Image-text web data
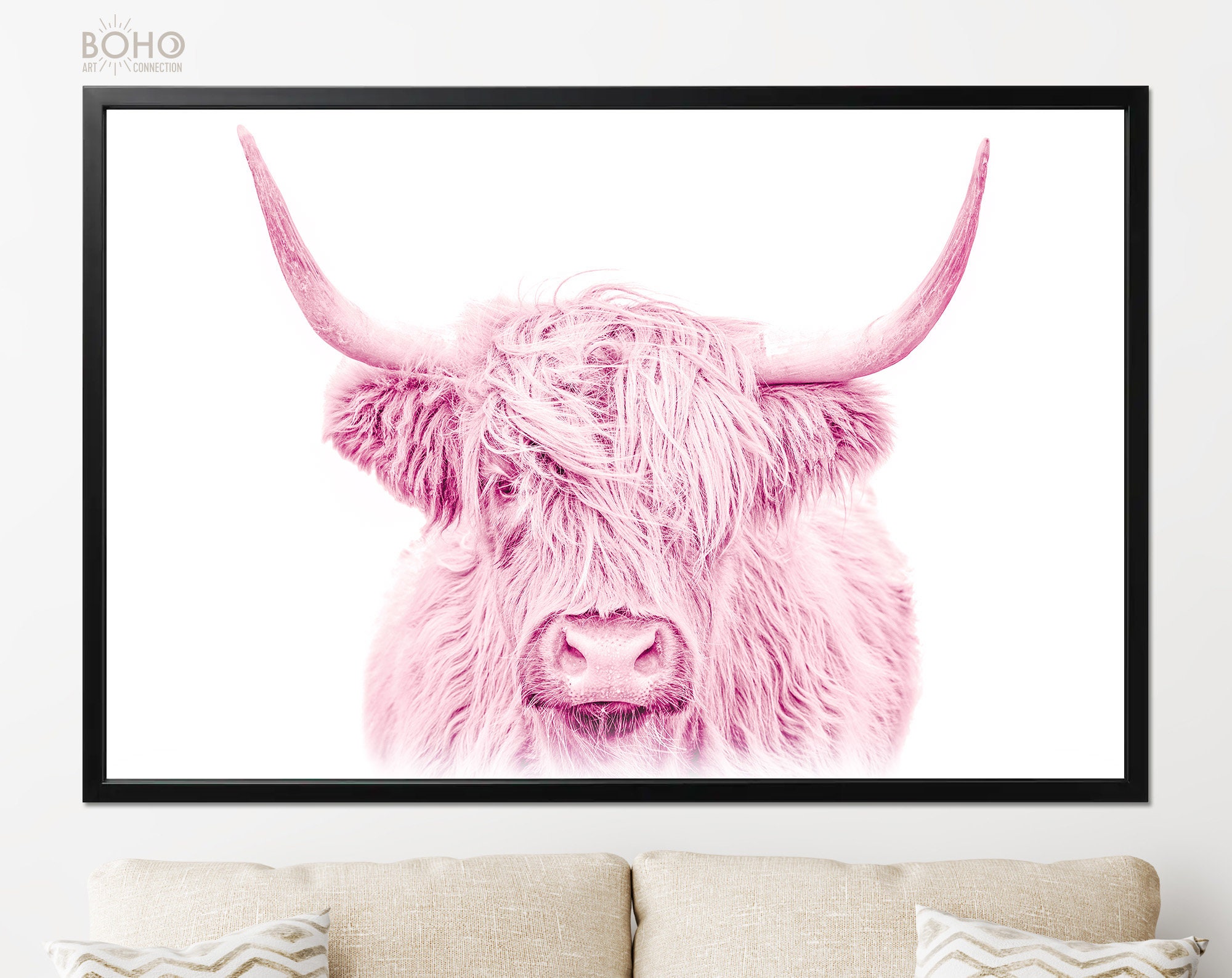 Pink highland cow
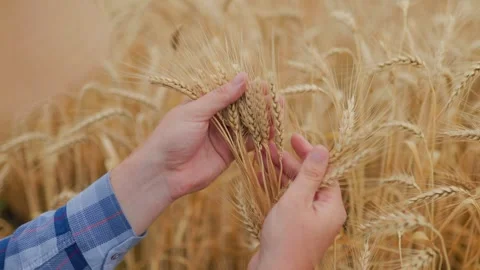 Anonymous male farmer checking wheat spikelets in Stock Footage 251895701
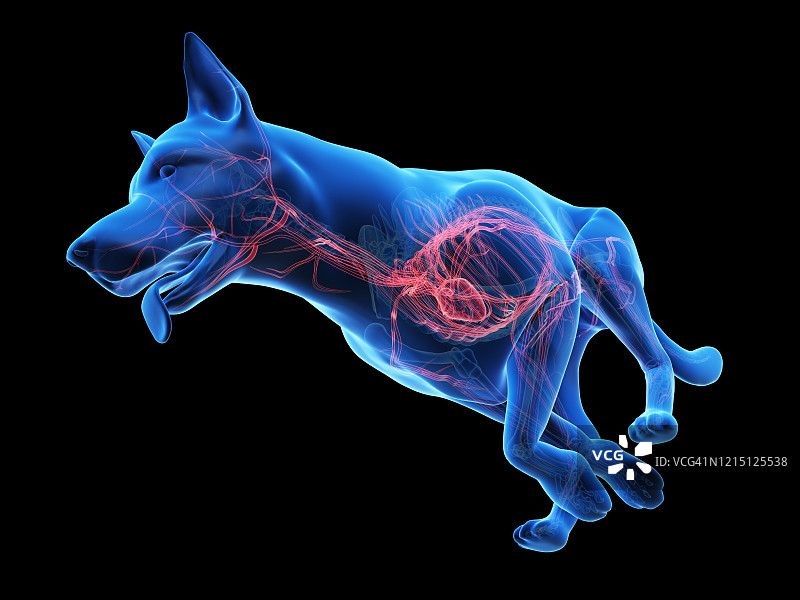 狗的血管系统图图片素材
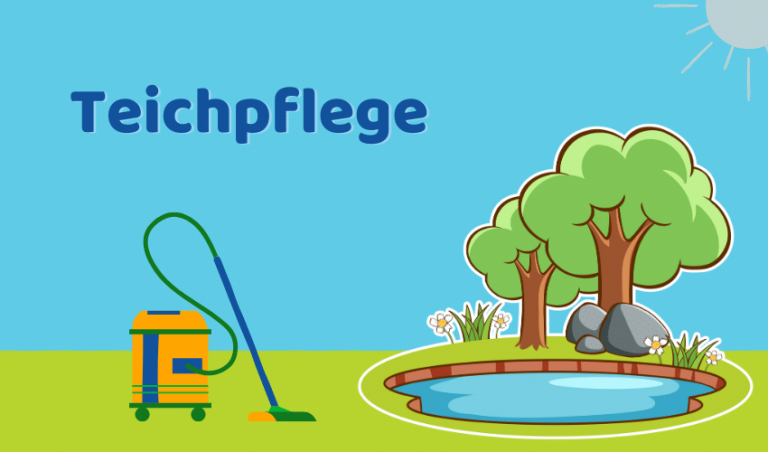 Teichpflege: 7 wichtige Maßnahmen für klaren Teich (mit oder ohne Pumpe)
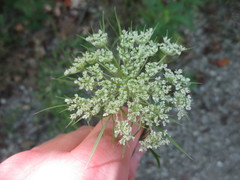 Daucus carota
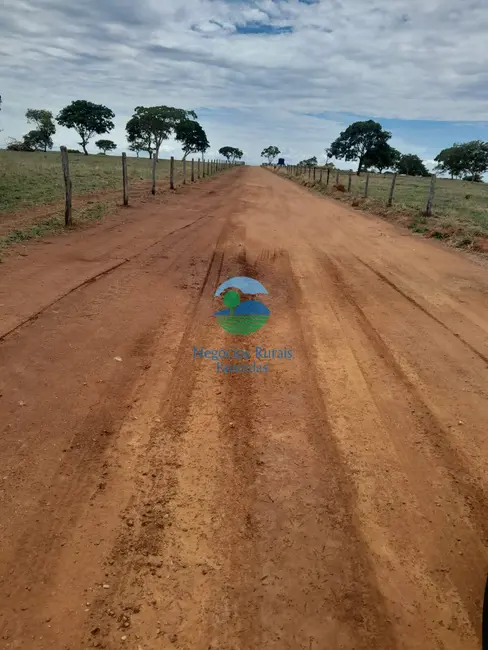 Foto 1 de Fazenda / Haras com 7 quartos à venda, 793m2 em Setor Central, Ipameri - GO
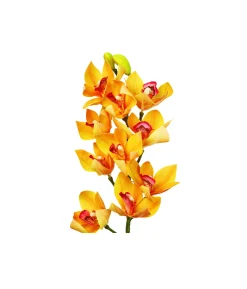 Orange Orchid With Pink Stamen 71cm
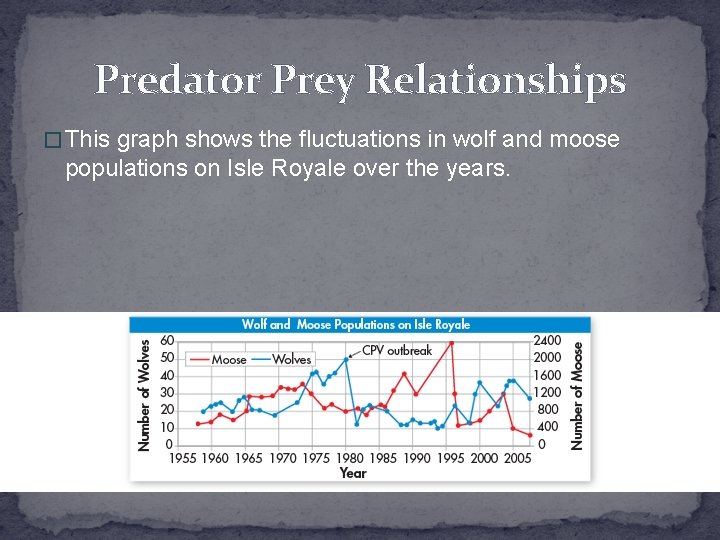Predator Prey Relationships � This graph shows the fluctuations in wolf and moose populations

• **EXERCISE AIM**:
Out of the records above, please copy exactly the lines from the line with "狗的血管系统图图片素材" up to and including the line with "Orange Orchid With Pink Stamen 71cm", minus the pictures.

• **RESPONSE BOX**:
 狗的血管系统图图片素材
 Teichpflege: 7 wichtige Maßnahmen für klaren Teich (mit oder ohne Pumpe)
 Daucus carota
 Foto 1 de Fazenda / Haras com 7 quartos à venda, 793m2 em Setor Central, Ipameri - GO
 Orange Orchid With Pink Stamen 71cm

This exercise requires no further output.